* [Problem to solve]: Output only the lines of the entries that follow, starting at the one with "Mug 2 Rim/Handle Mug" and running down to the one with "Suport de perete", both included and unchanged.

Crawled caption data
____

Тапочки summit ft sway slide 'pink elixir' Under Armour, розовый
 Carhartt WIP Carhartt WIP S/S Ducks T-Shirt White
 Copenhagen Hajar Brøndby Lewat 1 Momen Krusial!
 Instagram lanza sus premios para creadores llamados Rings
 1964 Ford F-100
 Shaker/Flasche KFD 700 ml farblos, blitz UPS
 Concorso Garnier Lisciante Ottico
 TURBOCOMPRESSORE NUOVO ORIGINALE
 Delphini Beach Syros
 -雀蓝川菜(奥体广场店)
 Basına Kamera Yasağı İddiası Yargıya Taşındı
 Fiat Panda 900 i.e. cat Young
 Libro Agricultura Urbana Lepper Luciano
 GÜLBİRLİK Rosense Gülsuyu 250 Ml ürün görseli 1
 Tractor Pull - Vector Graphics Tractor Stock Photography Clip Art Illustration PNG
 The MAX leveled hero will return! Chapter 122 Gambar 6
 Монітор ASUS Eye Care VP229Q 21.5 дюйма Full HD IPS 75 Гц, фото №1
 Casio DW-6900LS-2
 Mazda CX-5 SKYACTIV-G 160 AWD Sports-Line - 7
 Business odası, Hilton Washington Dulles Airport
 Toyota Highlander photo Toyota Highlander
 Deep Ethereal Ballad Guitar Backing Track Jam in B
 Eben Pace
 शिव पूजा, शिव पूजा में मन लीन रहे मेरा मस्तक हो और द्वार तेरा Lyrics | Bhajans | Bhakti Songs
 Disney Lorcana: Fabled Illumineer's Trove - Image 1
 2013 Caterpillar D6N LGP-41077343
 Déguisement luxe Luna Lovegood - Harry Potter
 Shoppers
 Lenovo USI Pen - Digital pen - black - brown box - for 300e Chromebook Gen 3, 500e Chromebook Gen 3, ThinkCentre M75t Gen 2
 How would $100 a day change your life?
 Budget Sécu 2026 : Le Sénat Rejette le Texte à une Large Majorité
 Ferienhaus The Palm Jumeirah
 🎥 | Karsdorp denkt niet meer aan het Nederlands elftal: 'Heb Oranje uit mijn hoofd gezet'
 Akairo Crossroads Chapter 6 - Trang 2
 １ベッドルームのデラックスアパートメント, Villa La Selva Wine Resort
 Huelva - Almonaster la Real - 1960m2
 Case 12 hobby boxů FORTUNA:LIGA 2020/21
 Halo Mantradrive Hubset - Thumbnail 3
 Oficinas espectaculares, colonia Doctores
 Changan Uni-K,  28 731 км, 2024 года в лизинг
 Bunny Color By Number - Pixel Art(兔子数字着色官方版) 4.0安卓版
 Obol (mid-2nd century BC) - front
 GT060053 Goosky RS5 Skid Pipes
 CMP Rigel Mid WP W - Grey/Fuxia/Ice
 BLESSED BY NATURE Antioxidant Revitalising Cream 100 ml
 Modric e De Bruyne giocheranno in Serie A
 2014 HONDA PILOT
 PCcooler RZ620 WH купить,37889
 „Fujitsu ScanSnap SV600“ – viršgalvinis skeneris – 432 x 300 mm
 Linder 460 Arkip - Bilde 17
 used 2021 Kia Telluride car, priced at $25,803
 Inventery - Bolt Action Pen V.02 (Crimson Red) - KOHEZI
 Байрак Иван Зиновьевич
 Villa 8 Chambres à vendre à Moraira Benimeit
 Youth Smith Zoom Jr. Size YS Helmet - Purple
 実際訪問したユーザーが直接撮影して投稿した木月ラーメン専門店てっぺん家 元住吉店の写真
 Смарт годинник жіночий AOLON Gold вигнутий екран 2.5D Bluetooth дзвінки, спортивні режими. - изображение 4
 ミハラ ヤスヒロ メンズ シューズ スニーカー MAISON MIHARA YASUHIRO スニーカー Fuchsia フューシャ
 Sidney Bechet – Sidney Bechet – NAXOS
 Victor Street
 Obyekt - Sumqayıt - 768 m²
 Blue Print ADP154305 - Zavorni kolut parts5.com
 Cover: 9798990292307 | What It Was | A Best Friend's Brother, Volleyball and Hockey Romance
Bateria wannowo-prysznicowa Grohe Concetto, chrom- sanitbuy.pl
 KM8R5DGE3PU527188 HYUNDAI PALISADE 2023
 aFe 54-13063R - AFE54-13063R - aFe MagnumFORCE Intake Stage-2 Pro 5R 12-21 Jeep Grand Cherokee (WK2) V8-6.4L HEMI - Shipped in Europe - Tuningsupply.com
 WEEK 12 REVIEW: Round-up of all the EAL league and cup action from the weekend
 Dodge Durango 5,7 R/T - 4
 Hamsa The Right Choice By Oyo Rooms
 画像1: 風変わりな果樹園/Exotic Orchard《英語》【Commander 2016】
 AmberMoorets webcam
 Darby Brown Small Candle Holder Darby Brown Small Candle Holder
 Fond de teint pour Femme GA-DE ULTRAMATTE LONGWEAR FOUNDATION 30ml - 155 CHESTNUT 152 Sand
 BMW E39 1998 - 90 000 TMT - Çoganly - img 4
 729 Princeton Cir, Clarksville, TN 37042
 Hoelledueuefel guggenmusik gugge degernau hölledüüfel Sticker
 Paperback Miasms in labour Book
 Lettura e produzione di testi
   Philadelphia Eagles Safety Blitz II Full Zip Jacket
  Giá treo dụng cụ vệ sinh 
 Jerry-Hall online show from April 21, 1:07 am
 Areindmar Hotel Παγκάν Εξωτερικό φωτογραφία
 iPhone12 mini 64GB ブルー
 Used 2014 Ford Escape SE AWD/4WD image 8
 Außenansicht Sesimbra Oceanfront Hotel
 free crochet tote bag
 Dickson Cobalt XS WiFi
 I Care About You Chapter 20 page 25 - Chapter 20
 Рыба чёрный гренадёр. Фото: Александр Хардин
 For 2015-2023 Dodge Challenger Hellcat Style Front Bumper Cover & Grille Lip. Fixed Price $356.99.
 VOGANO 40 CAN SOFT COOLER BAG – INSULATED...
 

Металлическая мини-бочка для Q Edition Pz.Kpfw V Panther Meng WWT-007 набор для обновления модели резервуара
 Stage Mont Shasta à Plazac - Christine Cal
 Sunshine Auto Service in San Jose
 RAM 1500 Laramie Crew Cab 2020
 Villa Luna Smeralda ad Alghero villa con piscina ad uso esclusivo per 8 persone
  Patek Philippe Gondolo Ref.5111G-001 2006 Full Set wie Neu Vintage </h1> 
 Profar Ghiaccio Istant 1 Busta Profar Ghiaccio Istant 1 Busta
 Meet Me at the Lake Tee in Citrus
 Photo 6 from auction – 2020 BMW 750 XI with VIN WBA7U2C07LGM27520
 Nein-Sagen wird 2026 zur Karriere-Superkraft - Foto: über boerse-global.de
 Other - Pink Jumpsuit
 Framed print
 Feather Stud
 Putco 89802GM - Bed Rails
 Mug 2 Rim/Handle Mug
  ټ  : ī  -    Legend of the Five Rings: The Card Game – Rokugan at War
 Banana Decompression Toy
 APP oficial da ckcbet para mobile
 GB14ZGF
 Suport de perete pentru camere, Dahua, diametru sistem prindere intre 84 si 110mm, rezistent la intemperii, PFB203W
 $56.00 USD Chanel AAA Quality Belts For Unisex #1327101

____

* [Output for this exercise]:
 Mug 2 Rim/Handle Mug
  ټ  : ī  -    Legend of the Five Rings: The Card Game – Rokugan at War
 Banana Decompression Toy
 APP oficial da ckcbet para mobile
 GB14ZGF
 Suport de perete pentru camere, Dahua, diametru sistem prindere intre 84 si 110mm, rezistent la intemperii, PFB203W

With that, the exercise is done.